= Beginning of Section =
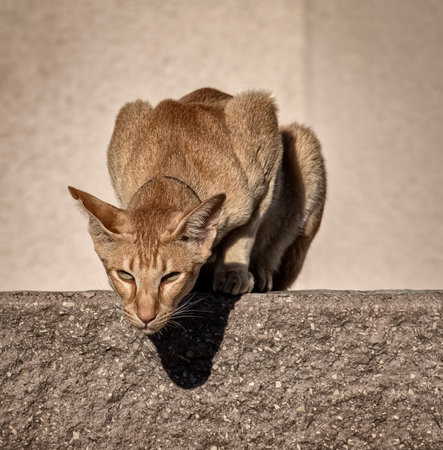 The oriental shorthair domestic red cat is sitting on the fence and watching passers-by.の写真素材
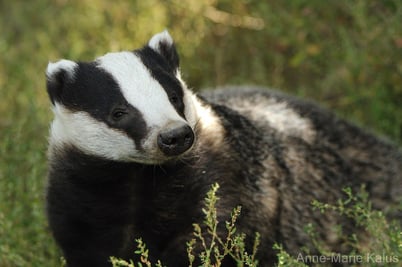 cri blaireau ecoutez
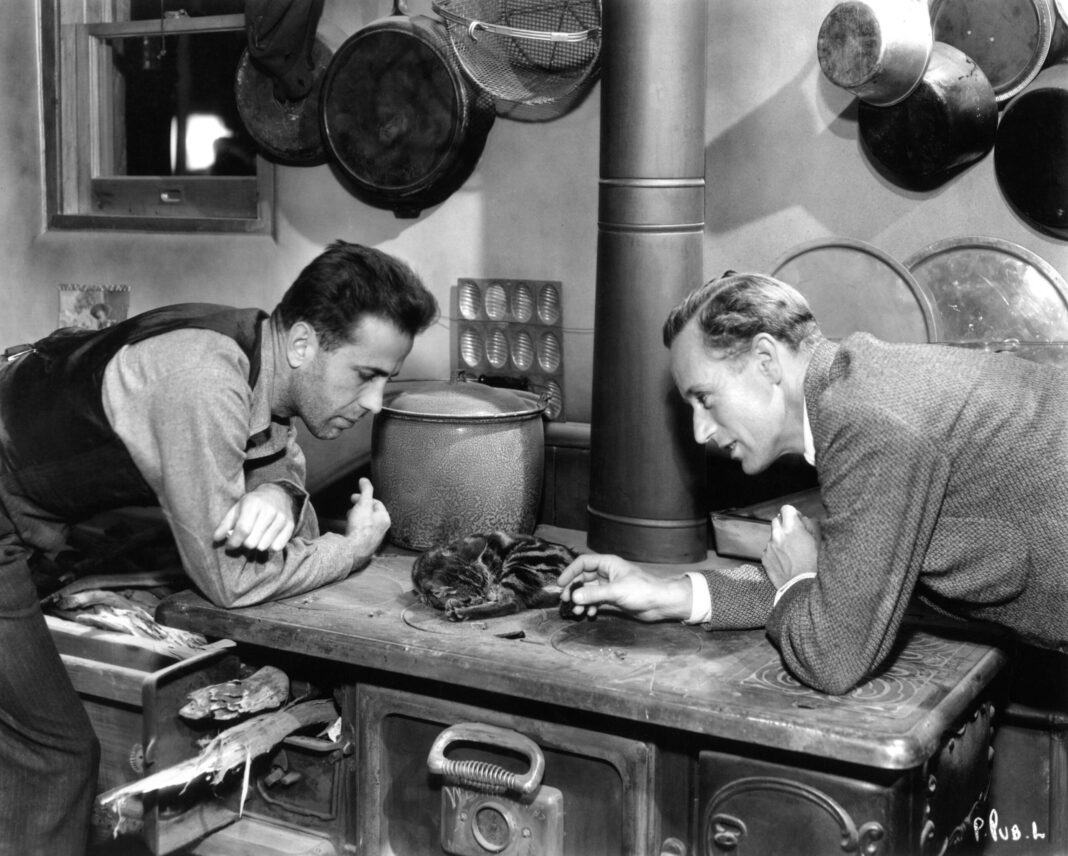 Bogart: Ein bewegtes Leben | Film-Rezensionen.de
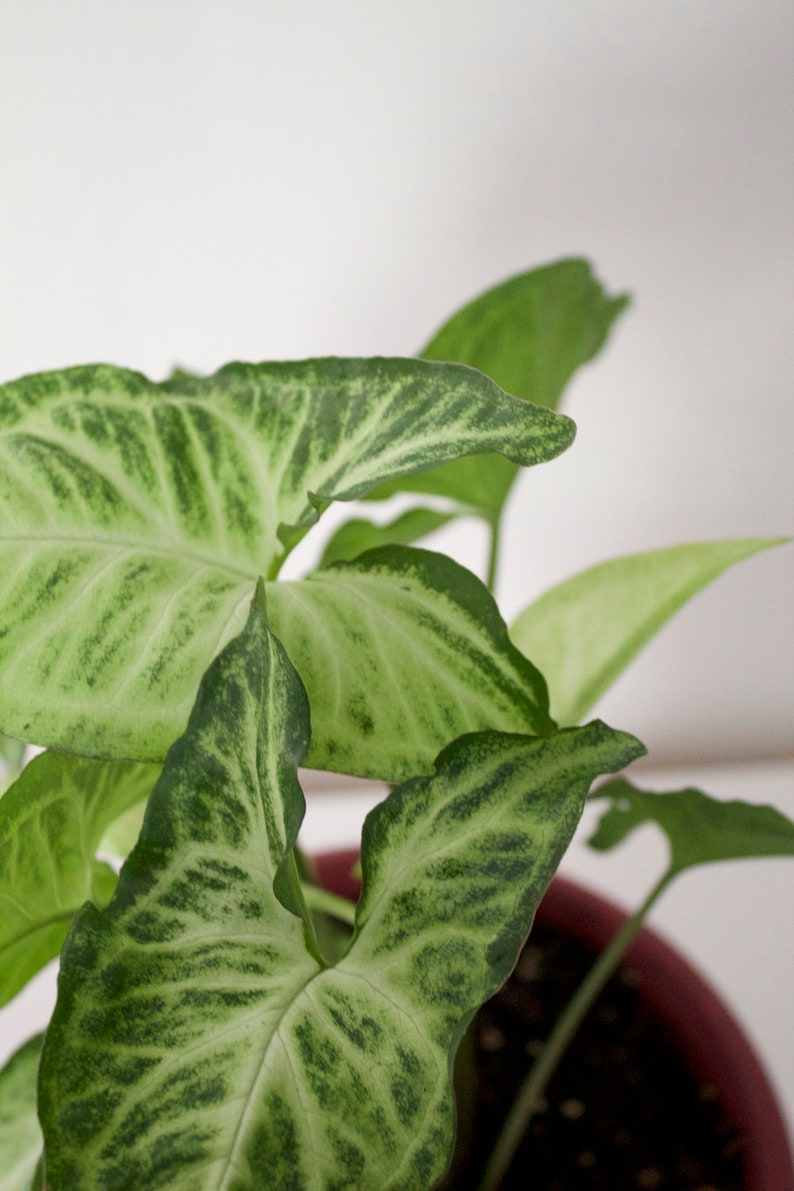 White Butterfly Arrowhead Plant Syngonium podophyllum Etsy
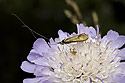 Nemophora metallica - main link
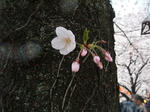 2012_04070017_640.JPG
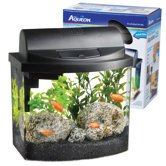 Mini Bow Desktop Aquarium Kit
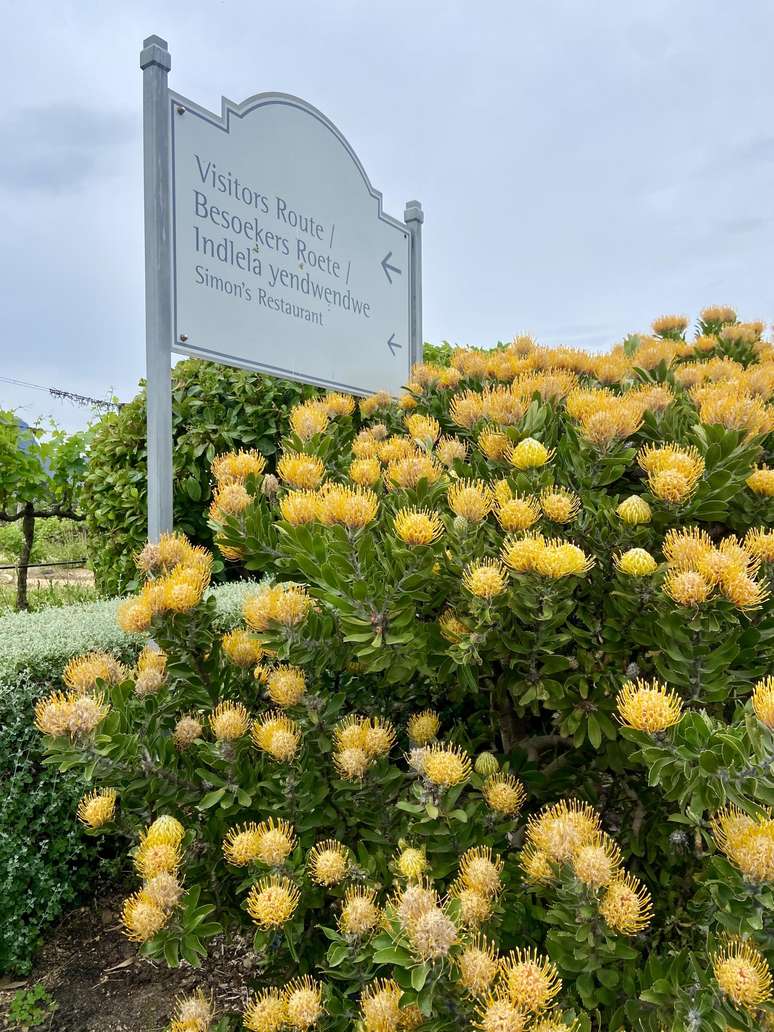 Proteas amarelas colorem toda a propriedade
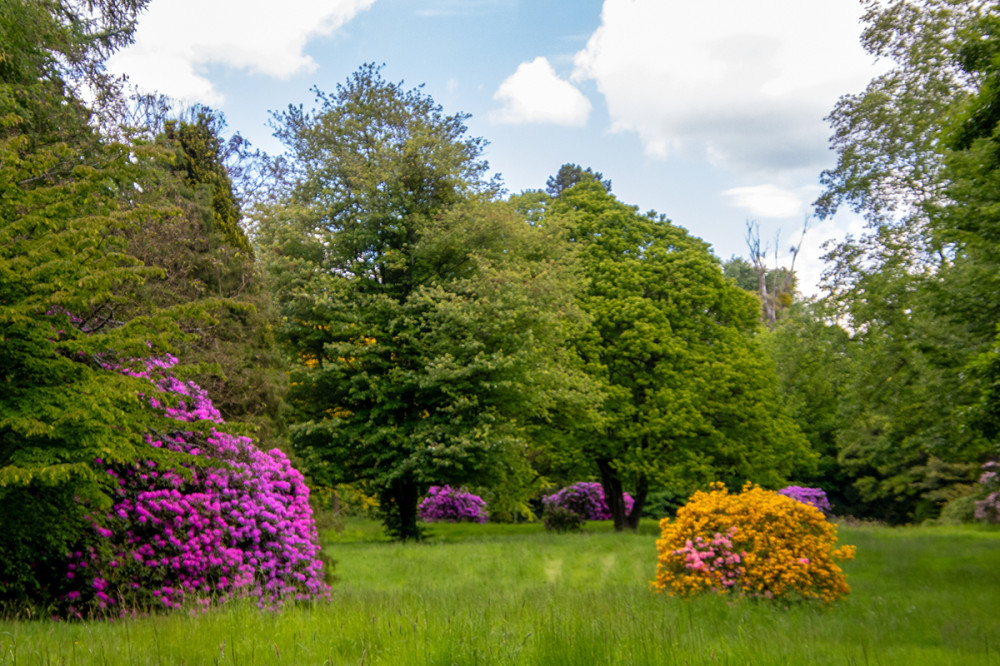 Schlosspark Heltorf - Parklandschaft
Marianne
Schlüsselwörter: 2026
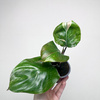 Philodendron White Knight Filodendron P9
= End of Section =
* [What you have to do]: Extract, character for character, every line from the one that holds "Schlüsselwörter: 2026" through the end of the entries above. Include both boundary lines and no pictures.

* [Result of the exercise]:
Schlüsselwörter: 2026
 Philodendron White Knight Filodendron P9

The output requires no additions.